Task instructions: Pictures aside, the output must consist of the lines from the one containing "Leopard Contrast Drawstring" through the end of the data, reproduced exactly.

Information provided:

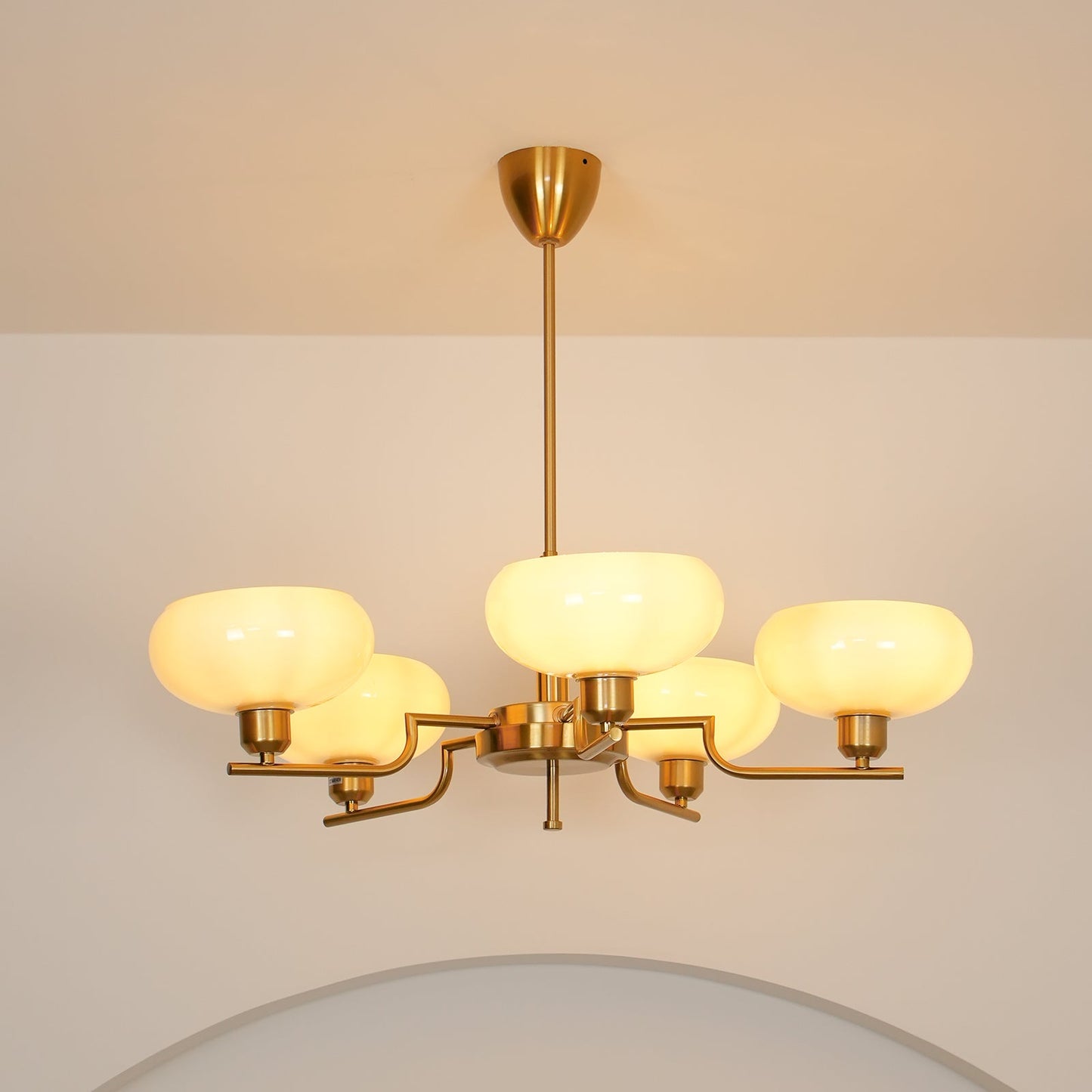Modern Globe Brass Chandelier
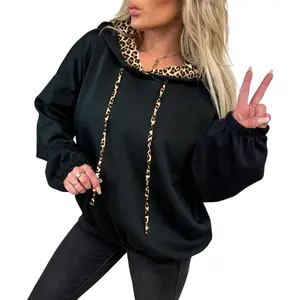 Leopard Contrast Drawstring Hood Drop Shoulder Loose Top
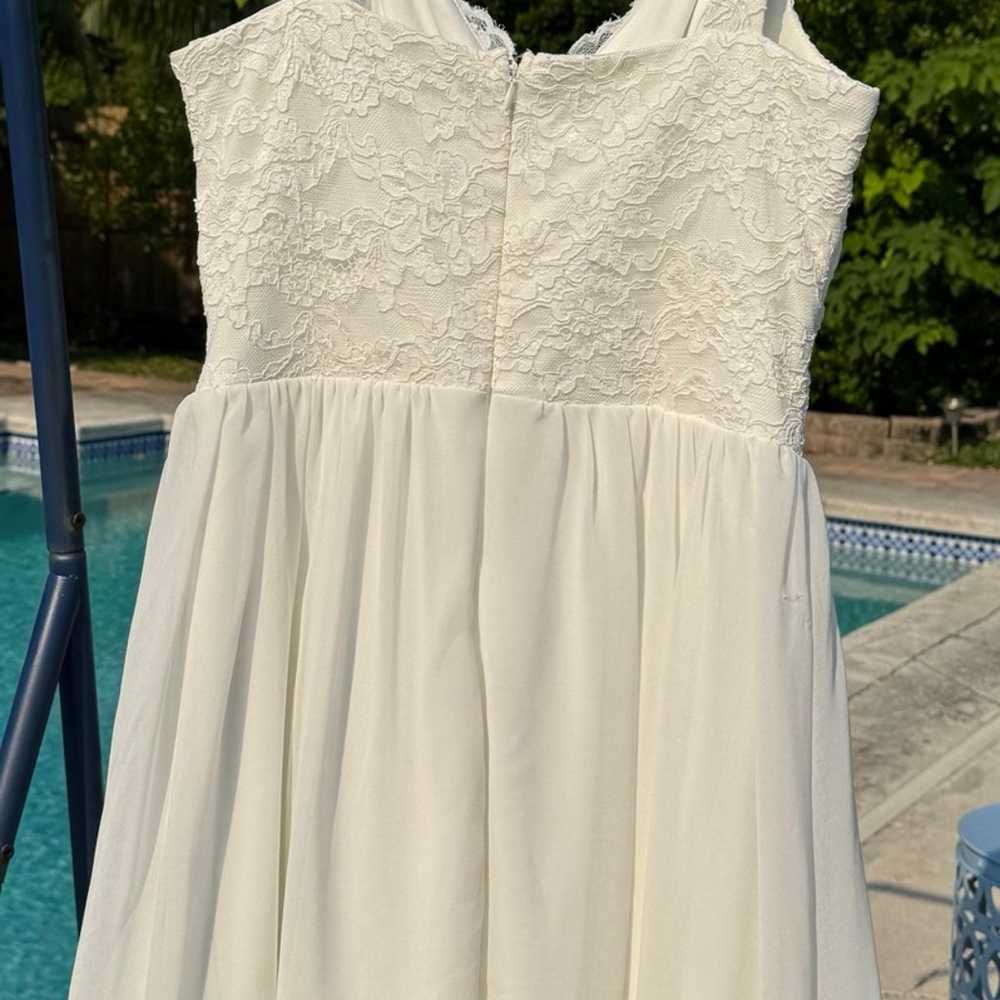 Francesca white Aline mini dress with lace top - image 11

Answer box:
 Leopard Contrast Drawstring Hood Drop Shoulder Loose Top
 Francesca white Aline mini dress with lace top - image 11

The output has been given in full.